They make "BOOM" sounds.


----------



## LazyWaka (Aug 21, 2010)

Shinkirou said:


> Are you talking about the one-time weird shunshin he, Orochimaru, and Kabuto used to run away?



I think he's talking about setting Susano'o's bones on fire with amaterasu. 

Though, I think Riku is smart enough to know that its probably not a good idea to touch black flames. 

EDIT: NVM


----------



## zenieth (Aug 21, 2010)

Why is this still going, this should of ended at he cuts skyscrapers in half.


----------



## C. Hook (Aug 21, 2010)

waka0793 said:


> I think he's talking about setting Susano'o's bones on fire with amaterasu.
> 
> Though, I think Riku is smart enough to know that its probably not a good idea to touch black flames. ]



Considering how utterly retarded Kingdom Hearts characters are on average, I doubt Riku would know not to touch sinister looking black flames.


----------



## Level7N00b (Aug 21, 2010)

DemonFoxSlayer said:


> Okay, How About Susanoo Sasuke is Freakin Invincible...



You wouldn't believe how overused that argument is. Susanoo doesn't make him anywhere near invincible.



DemonFoxSlayer said:


> Technically it's not running away... He probably knew if he walked away that Naruto would go after him... So he Burned away... But yes. that Technique.



Leaving the battlefield is forfeiting.


----------



## Enclave (Aug 21, 2010)

HeavyMetalThunder said:


> oh, come on! sasuke is weak, but not that weak! yes, I read naruto, and yes, I've played all the kingdom hearts (even if I don't like the KH verse.). could someone tell me how could a peak human or low superhuman keep up with a superhuman. please! because I think KH is a little bit overrated, the strongest beign in there is sephiroth.



Actually, Twilight Xemnas so far has been the strongest being in the KH universe.  Sephiroth is weaker than him.  In fact, Sephiroth is probably around end of KH2 Sora and Riku.  Possibly even a bit weaker.

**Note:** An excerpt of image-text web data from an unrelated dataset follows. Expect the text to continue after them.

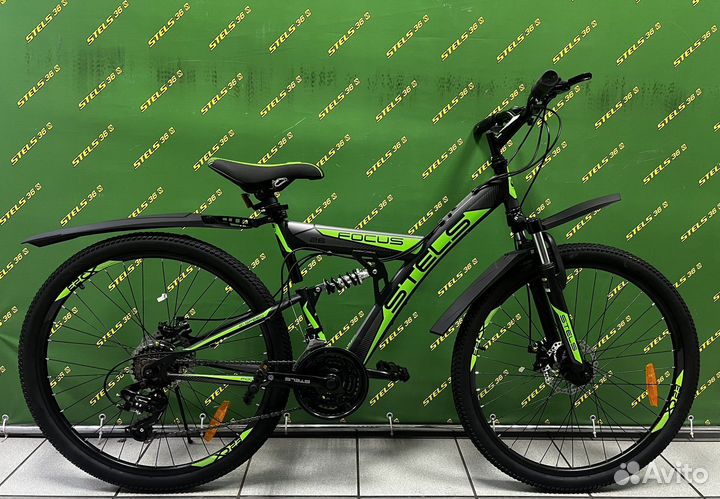 Велосипеды горные двухподвесные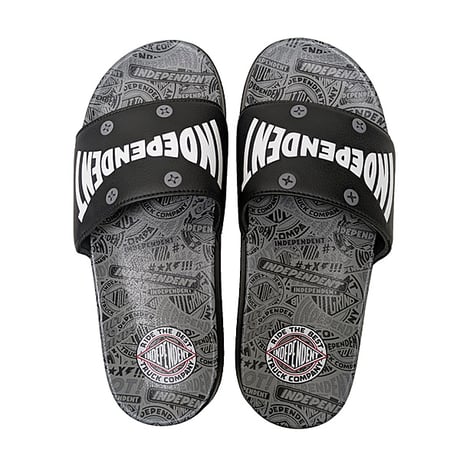 INDEPENDENT アパレル サンダル インディペンデント　Power Slides （Black）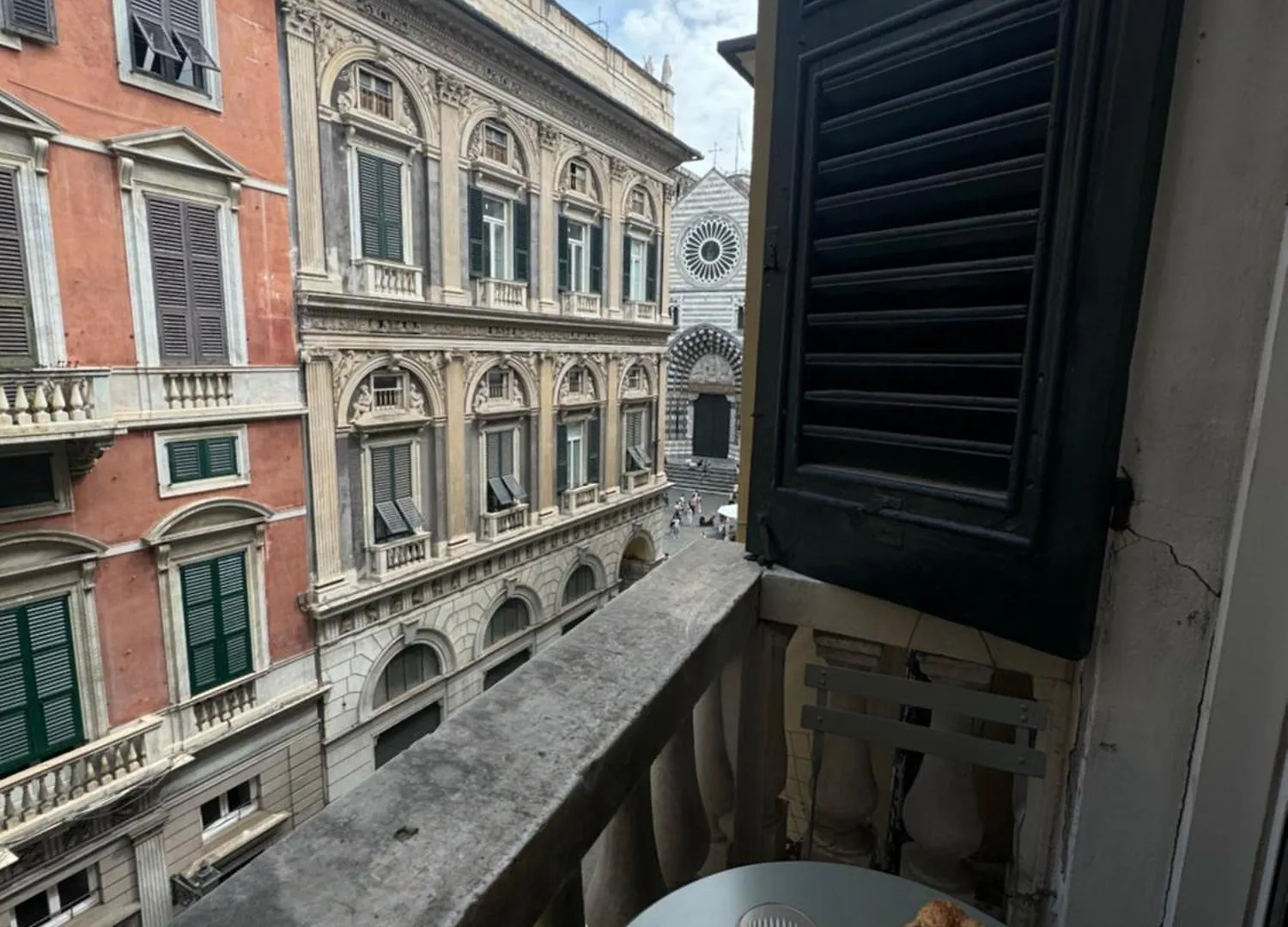 New Apartment With Balcony 热那亚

Anyways, KH isn't nearly as overrated as many here like to believe.  Sora has MANY legitimately super human feats.  He has strength feats which dwarf Naruto's current best strength feats and speed feats which are flat out insane.

Hell, Sora has even killed an immortal Genie and he did that when he wasn't even at his strongest.

See, this is a rape thread.  It's just not fair.  Especially once you start factoring in all of Sora's magic.  Or if you want to be especially evil, factor in his gummie ship.


----------



## C. Hook (Aug 21, 2010)

Enclave said:


> Hell, Sora has even killed an immortal Genie and he did that when he wasn't even at his strongest.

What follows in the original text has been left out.